Carpentersville considering traffic alternatives for Washington, Main
Carpentersville is considering alternate traffic patterns -- a roundabout or a signalized intersection -- to alleviate congestion at Washington and Main streets.
Tens of thousands of vehicles pass through the intersection daily and create a traffic bottleneck during peak times, HR Green Consultant Jack Melhuish said.
Cars often wait minutes before they're able to enter the intersection. Main Street traffic can back up to Otto Engineering, and cars on Washington Street can line up past Maple Avenue.
Recognizing the inconvenience, the village board recently adopted a two-year goal to work with an outside firm and improve the traffic flow in that area.

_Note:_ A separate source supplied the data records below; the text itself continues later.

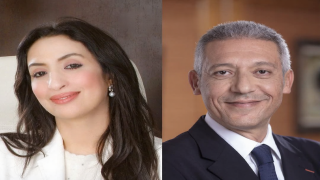 إنهاء شراكة استثمارية بين مجموعتي “أكسال” و“هولماركوم” بعد سنوات من التعاون.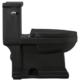 Swiss Madison Voltaire One-Piece Elongated Toilet Side Flush 1.28 gpf - SM-1T114 - Image 15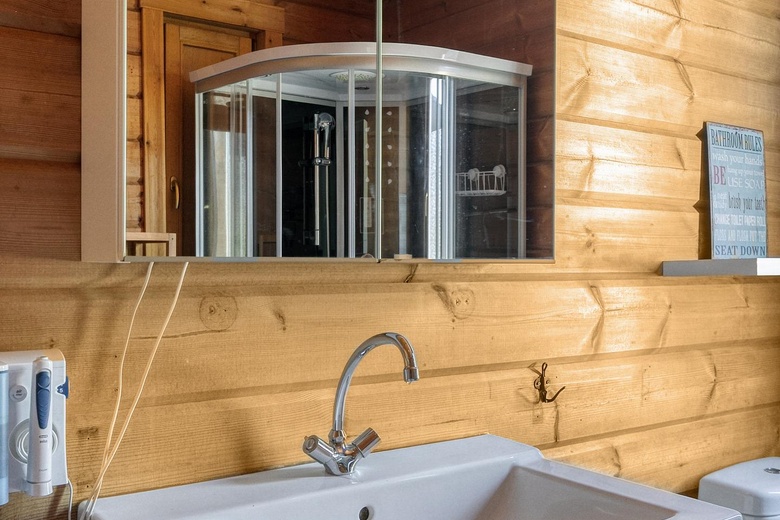 KantoorruimteaanApolloweg 329<br/> inLelystad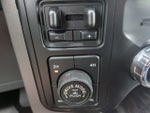 2021 F-150 Thumbnail 23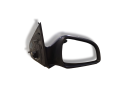 RETROVISOR DERECHO OPEL ASTRA 2010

"(We're) finding out what, if any, improvements we can do to improve the operation and the safety of the intersection," Melhuish said.
The goal, he said, is to find a design that will have cars waiting at the intersection for no more than 35 seconds during peak times of the day. In a presentation posted on Carpentersville's website, Melhuish outlined three alternatives: Adding more signage or vehicular restrictions, installing traffic signals or creating a roundabout.
Because of the number of cars that pass through the intersection every day, he said, adding more signage or restricting the free-flowing traffic on Main Street isn't feasible.
"You'll see no improvement now, and you won't see it in the future," he said.
A traffic signal and a roundabout, Melhuish said, are comparable when considering the projected amount of time cars will be waiting at the intersection in 2040 -- 35 seconds or less during peak times, even when considering anticipated population growth.
Both options would add a bypass from Main Street to Spring Street, as well as one from Main Street to the southbound lane on Washington Street. Additional parking would also be made available on Wisconsin Street by turning parallel parking into diagonal slots.
Adding a traffic signal, however, could still cause backups when cars are waiting at a red light, Melhuish said. They also operate constantly and require maintenance, an electrical box and added electrical costs.
"With a roundabout, you're not really going to see any backups," he said. "You'll see a few vehicles here and there, but it'll be very limited."
He added that roundabouts are safer and can often be more aesthetically pleasing, with options to include landscaping in and around the intersection.
"But there's a learning curve. For some people it's very intimidating," Melhuish said.
"There's familiarity with traffic signals," he added. "Everyone knows how they work."
Federal funding options for a roundabout are also more readily available, Melhuish said. If a village were to choose a signalized intersection, he said, the project would likely be at their own expense.
The project is still in planning stages, trustees said, and public meetings -- where residents are encouraged to provide feedback on the traffic pattern options -- will be held prior to completion of the first engineering phase.
Assistant Public Works Director Kevin Gray added that the village is waiting on feedback from the Illinois Department of Transportation.
"We want to understand what the concerns are and try to come to a nice resolution," Trustee Paul Humpfer said. "It's not going to be perfect, but hopefully we can do something to try to alleviate the traffic."